Simon Phipps wrote:
It's been an interesting "does he take sugar" experience watching the conversation about me; I thought I'd interject with a link to a story that has correct information:
http://www.infoworld.com/d/adventures-in-it/former-sun-open-source-officer-joins-osi-board-109
Ths thing I find interesting in the article, and indeed in many of your
statements, is that you show absolutely no sign of self-doubt about
whether open sourcing everything you could actually destroyed
shareholder value and drove Sun down the toilet. I'm certain that there
was a decision to be made about being mean and nasty to the open source
systems that were eating your lunch (and dinner) or whether to cosy up.
But I'm not sure you made the right one, because Solaris did run on
Intel and Java was a powerful card, and the companies that are still
standing are ones who didn't give away all their IP and show their
competitors their cards. You might have done the right thing for society
as a whole (maybe: we'll see how your big customers fare and whether
ultimately there's a reduction in real choice) but I'm not at all sure
you did the right thing for Sun shareholders. I'm not one, but I've been
a fairly happy user at major banks. (I was a less happy personal
customer - I paid as much for your C++ compiler on Solaris 2.5 as I did
for MSDN Universal - and guess which got me support and updates for a
year? And which was the better compiler?)
Personally I don't give a fig whether Solaris is free (in either sense)
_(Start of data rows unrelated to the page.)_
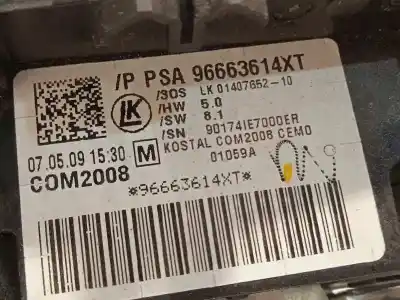 Second-hand car spare part indicator switch for peugeot 3008 premium oem iam references 96663614xt  6242wq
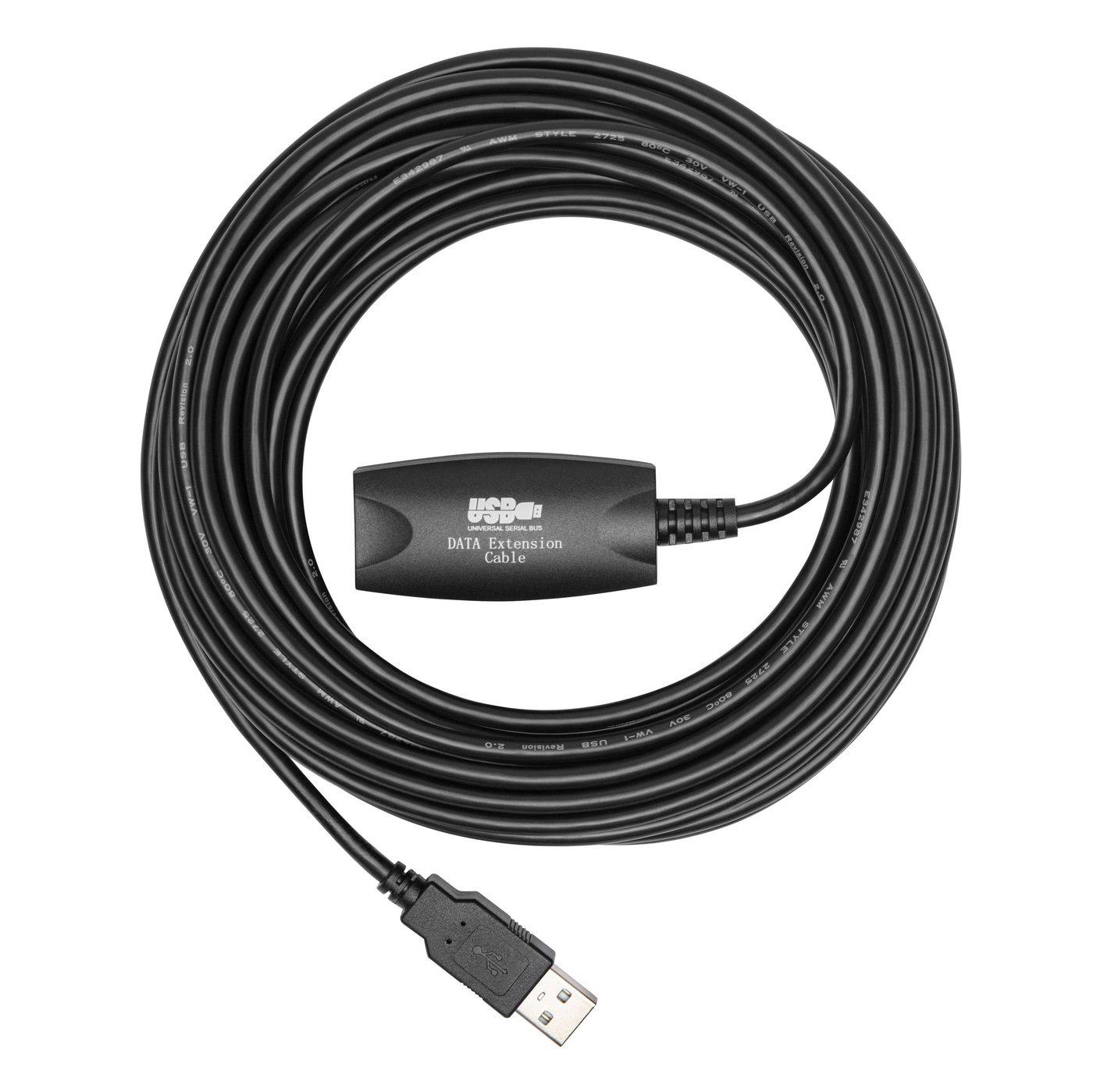 Luxorparts Aktiv USB-förlängningskabel 10 m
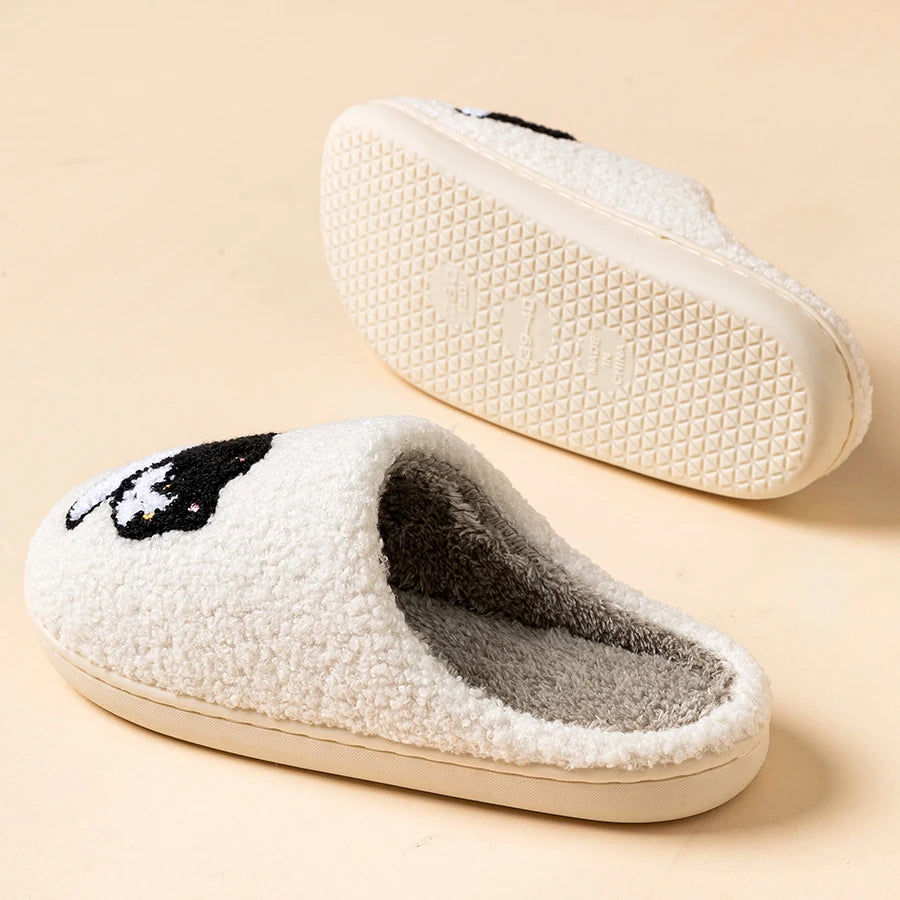 Damen Weiche Katze Hausschuhe | Schlupf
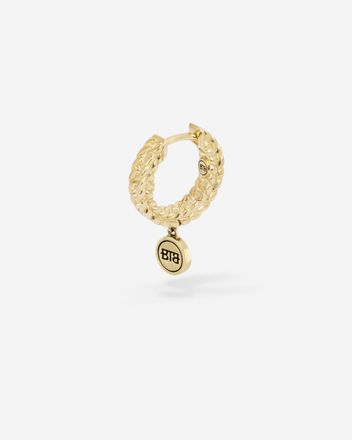 Earhoop Esther Gold Plated Single Piece
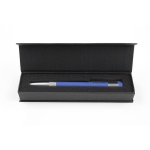 Penna usb con logo in metallo cromato opaco LUX color blu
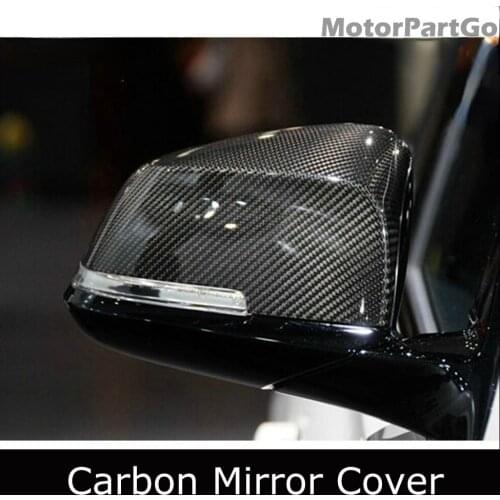 Real Crabon Fiber Mirror Cover Exchange original 1 pair for BMW 1 2 3 4 X Series F20 F21 F22 F30 F31 F35 GT F34 F32 F33 F36 E84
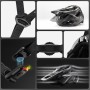 Rockbros LK-99 Mountain Bike Helmet with Adjustable Visor and Magnetic Closure 58-62 cm - Black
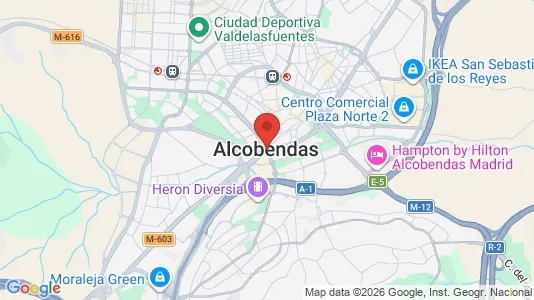 Apartments for rent i Alcobendas - kort over placeringen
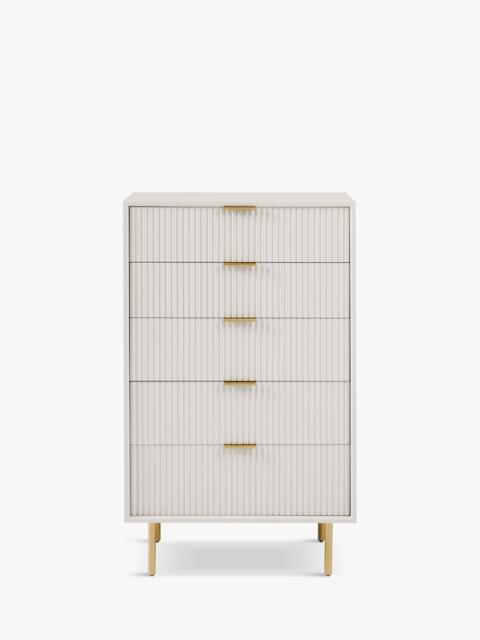 West Elm Quinn 5 Drawer Chest, Haze/Antique Brass - image 1
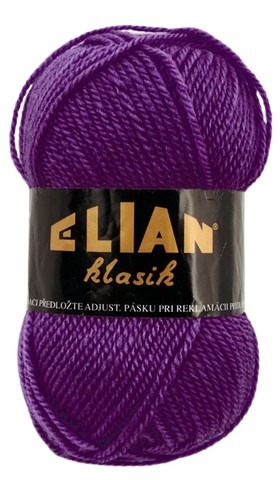 Knitting yarn Klasik 3374 - purple - Pletací příze Elian Klasik 3374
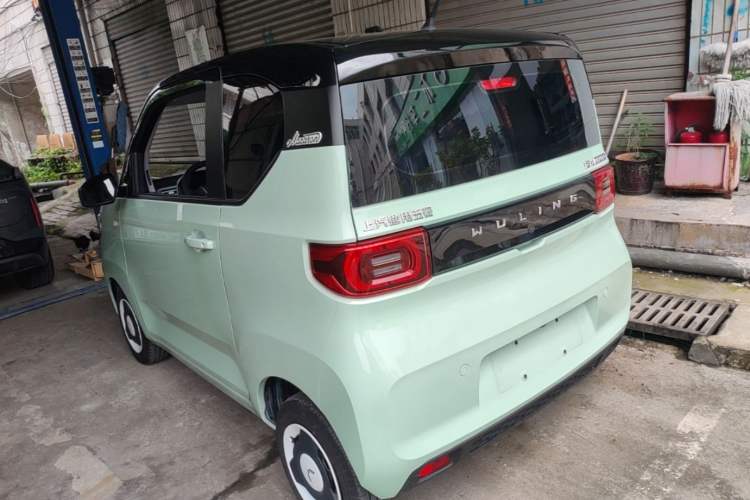 Used Wuling Hongguang MINIEV 2022 Macaron Premium Model – Lithium Iron Phosphate Rear Left 45 Deg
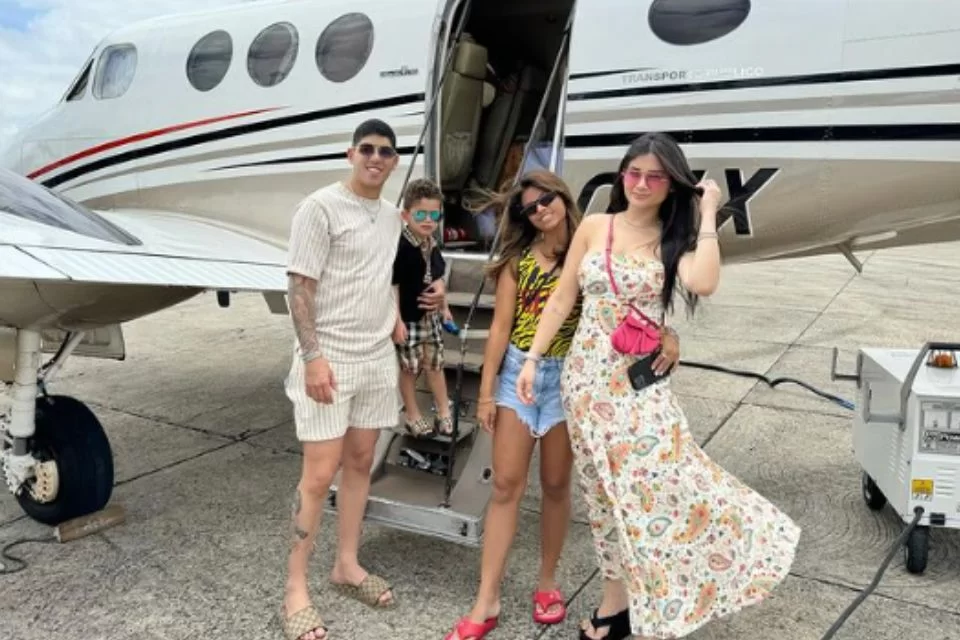 Filho mais do casal, Arthur, está internado na UTI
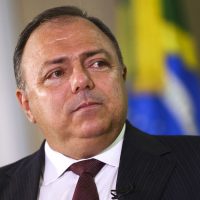 O ministro da Saúde, Eduardo Pazuello, durante entrevista ao programa Brasil em Pauta.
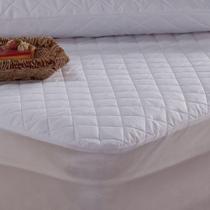 Protetor De Colchão Solteiro Impermeável Veneza 100% Poliéster - Branco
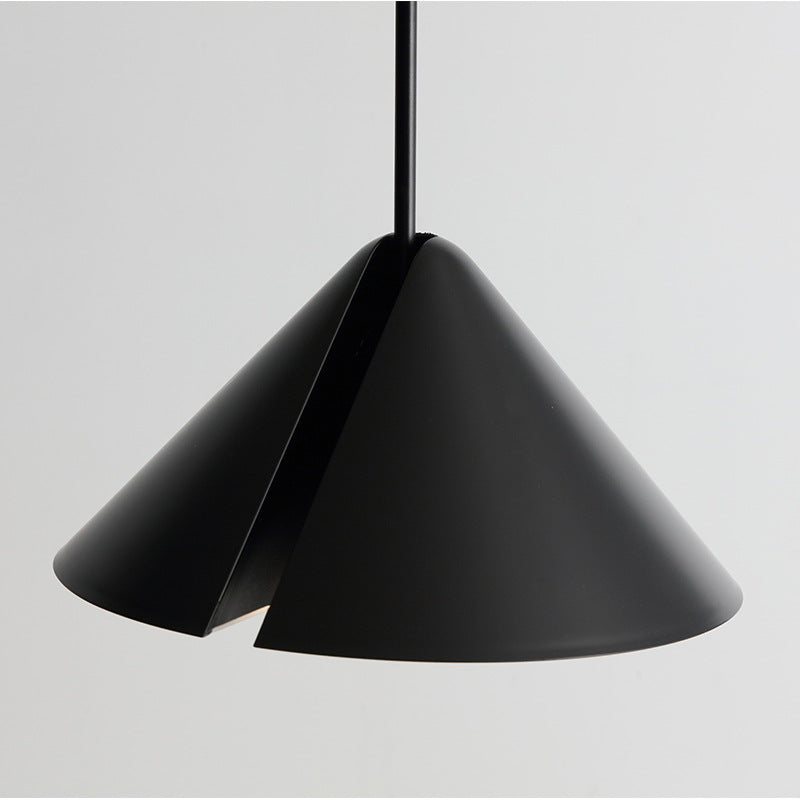 Modern Minimalist Cone Iron Acrylic LED Pendant Light For Living Room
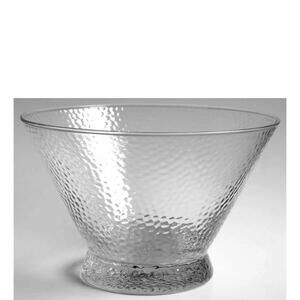 Large Southern living sippers collection hammered glass serving bowl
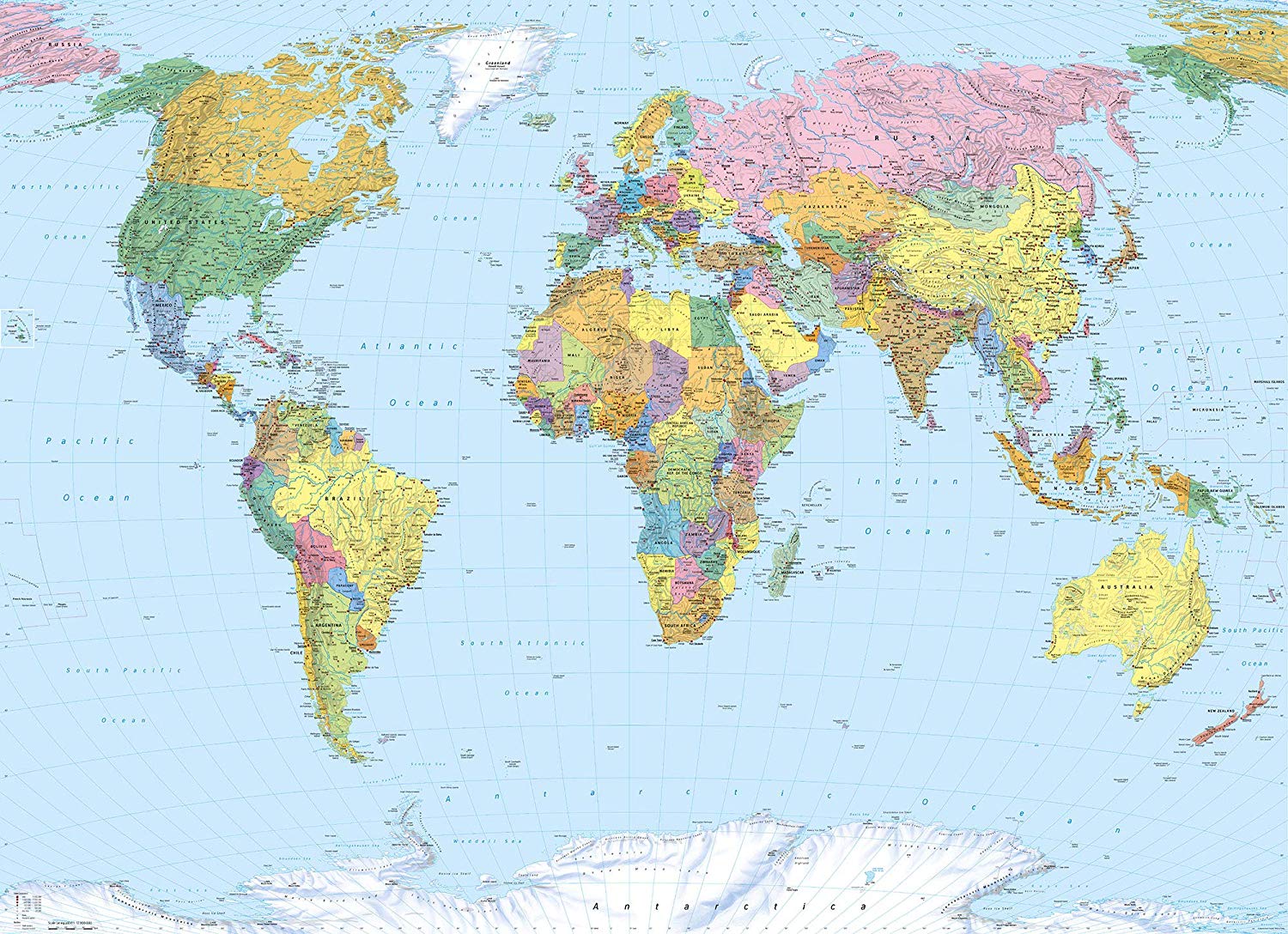 World Map - HD Wallpaper 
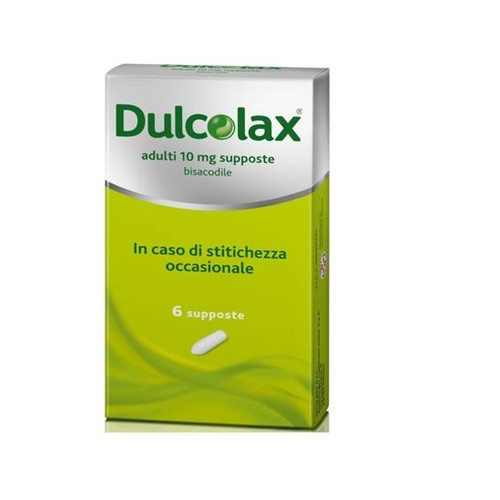 Image of Dulcolax supposte per adulti contro la stitichezza occasionale 6 supposte 10 mg cod085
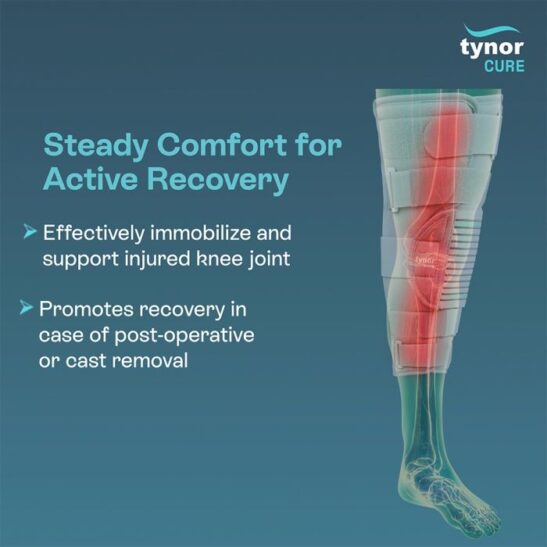 Tynor Knee Immobilizer 14″ - Image 2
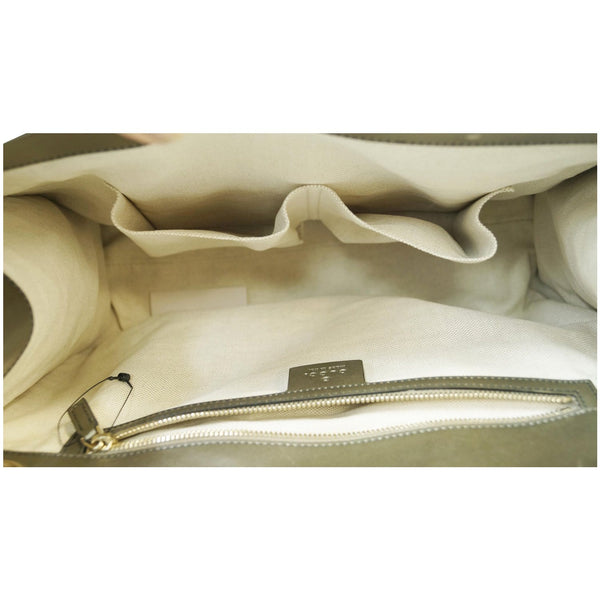 GUCCI Emily Large Guccissima Chain Shoulder Bag Grey 295403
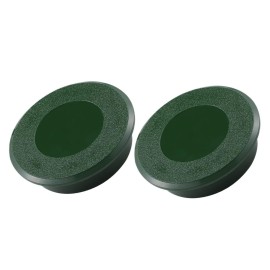 Kisangel 2pcs Green Hole Cup Cover Golfing Accessories Indoor Child Pole Plastic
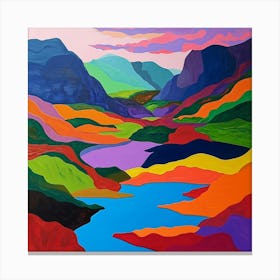 Colourful Abstract Killarney National Park Ireland 2 Canvas Print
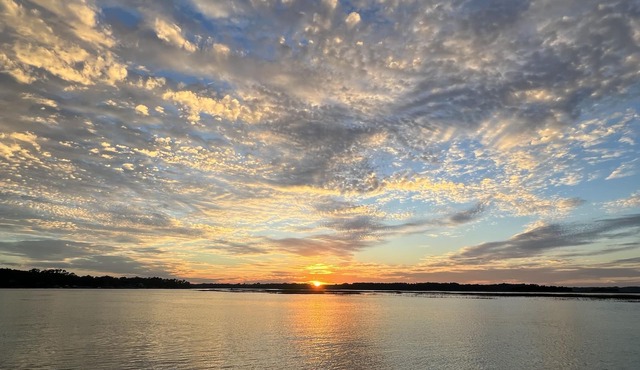 Nestled between Old Town Bluffton's boat ramps + downtown. Pet friendly.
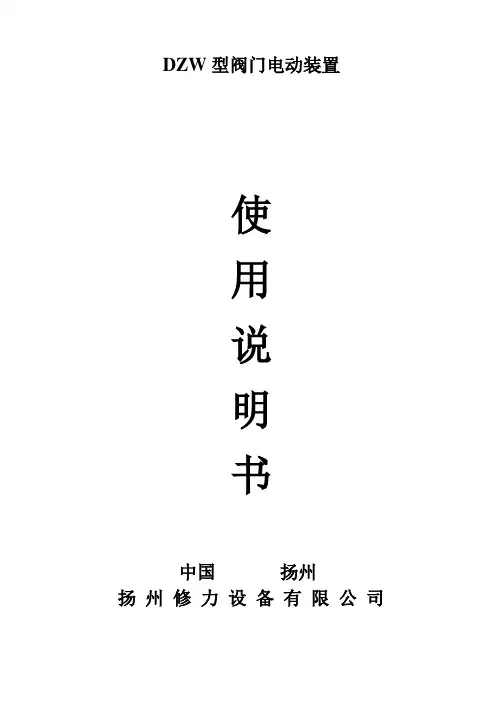 DZW中文说明书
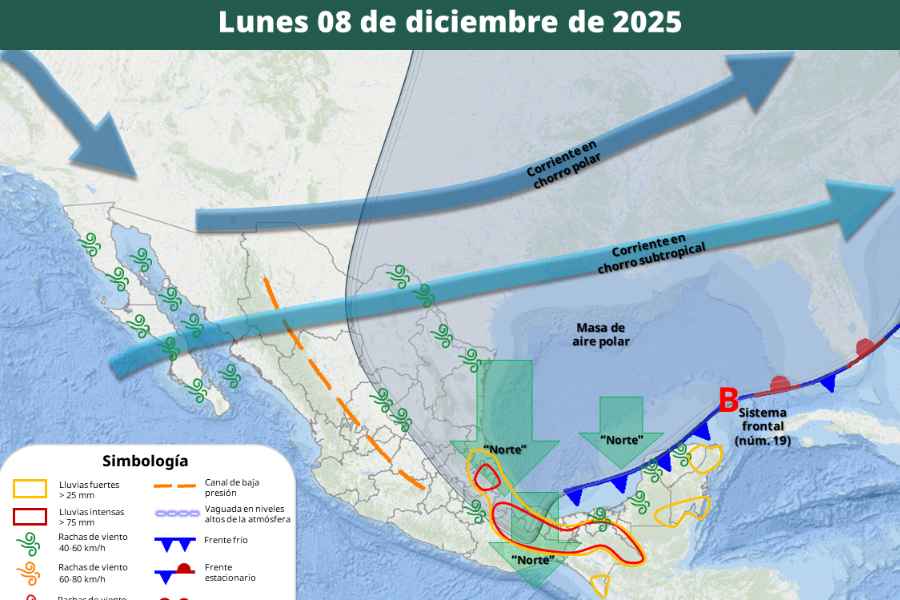 ¿A partir de cuándo comenzará a afectar el frente frío 19 a Nuevo León?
- so long as it has a version that's affordable, preferably in the
ballpark of Windows or MacOS. After all, Esix and Interactive are long
gone. It remains to be seen whether that happens. I'd be quite happy for
Oracle to dismantle the freedom in exchange for a hundred dollar UNIX
with a stable ABI and an NDA-happy relationship between the driver
integrators and nVidia and ATI that can deliver Mac-like stability and
video integration and performance on vanilla hardware, but I suspect
I'll be disappointed since Oracle have hardly courted that sort of
market. Maybe I'll just have to get a Mac - I've been resisting. :-(
Let's remember: Sun opened a lot of technologies - but I rather think it
was done without seeing how to monetise it. And you can't put the genie
back in the box. Sun is now history. Maybe it would have been anyway,
its speculation, but the management at Sun failed, badly.